IN RE: ALPER RESTAURANT INC., Also Known as Swiss Hutte, et al., Appellants, v. TOWN OF COPAKE ZONING BOARD OF APPEALS et al., Respondents, et al., Respondent.
Appeal from a judgment of the Supreme Court (Platkin, J.), entered October 20, 2015 in Albany County, which dismissed petitioners' application, in a proceeding pursuant to CPLR article 78, to review a determination of respondent Town of Copake Zoning Board of Appeals granting a request by respondent Rock Solid Development, LLC for a special use permit.
Respondent Rock Solid Development, LLC applied to respondent Town of Copake Zoning Board of Appeals (hereinafter the ZBA) for a special use permit in connection with the proposed construction of a resort hotel on a parcel of land owned by respondent Catamount Development Corporation and located in the Town of Copake, Columbia County.1 During the review of that application, a vacancy occurred on the five-member panel of the ZBA. In September 2014, the four remaining members voted 2–2 on the issue of whether to grant the application for a special use permit and, because there was no majority vote, the ZBA was considered not to have acted. In November 2014, after a new member was appointed to fill the vacancy, the ZBA granted Rock Solid's application in a 3–2 vote. Petitioners, who own and operate an inn and restaurant on property adjacent to the proposed resort hotel, commenced this CPLR article 78 proceeding contending, among other things, that the September 2014 tie vote constituted a default denial of Rock Solid's application. Following joinder of issue, Supreme Court, in a thorough and well-reasoned decision, dismissed the petition. This appeal ensued.
We can find no reason to disturb Supreme Court's determination that the September 2014 tie vote constituted non-action on the application, thus permitting the ZBA to vote on the application for a second time in November 2014. Supreme Court accurately set forth the 2002 legislative amendments to Town Law § 267–a, aptly observed the impact of those amendments in relation to Matter of Tall Trees Constr.

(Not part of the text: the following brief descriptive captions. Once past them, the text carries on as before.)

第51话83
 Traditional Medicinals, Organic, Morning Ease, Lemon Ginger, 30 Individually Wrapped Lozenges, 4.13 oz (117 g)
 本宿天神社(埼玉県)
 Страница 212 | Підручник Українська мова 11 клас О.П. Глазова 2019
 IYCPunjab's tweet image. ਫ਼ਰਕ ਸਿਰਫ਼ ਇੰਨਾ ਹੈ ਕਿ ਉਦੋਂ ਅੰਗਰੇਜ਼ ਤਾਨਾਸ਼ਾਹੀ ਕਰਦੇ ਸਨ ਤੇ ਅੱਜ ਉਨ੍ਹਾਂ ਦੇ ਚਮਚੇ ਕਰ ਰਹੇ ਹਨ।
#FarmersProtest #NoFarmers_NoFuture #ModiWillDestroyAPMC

Corp. v. Zoning Bd. of Appeals of Town of Huntington (97 N.Y.2d 86  ) and correctly determined that a tie vote of a zoning board of appeals only results in a default denial when, among other things, it is exercising its appellate jurisdiction (see Town Law § 267–a [b]; L 2002, ch 662, § 7; Terry Rice, Practice Commentaries, McKinney's Cons Laws of NY, Book 61, Town Law § 267–a at 31–33). Inasmuch as it is undisputed that the ZBA was exercising its original jurisdiction here (see Code of the Town of Copake § 232–28[C] ), we agree with Supreme Court that the September 2014 tie vote did not result in a default denial. Petitioners' additional argument that the ZBA's bylaws, rather than the Town Law, control here is patently without merit.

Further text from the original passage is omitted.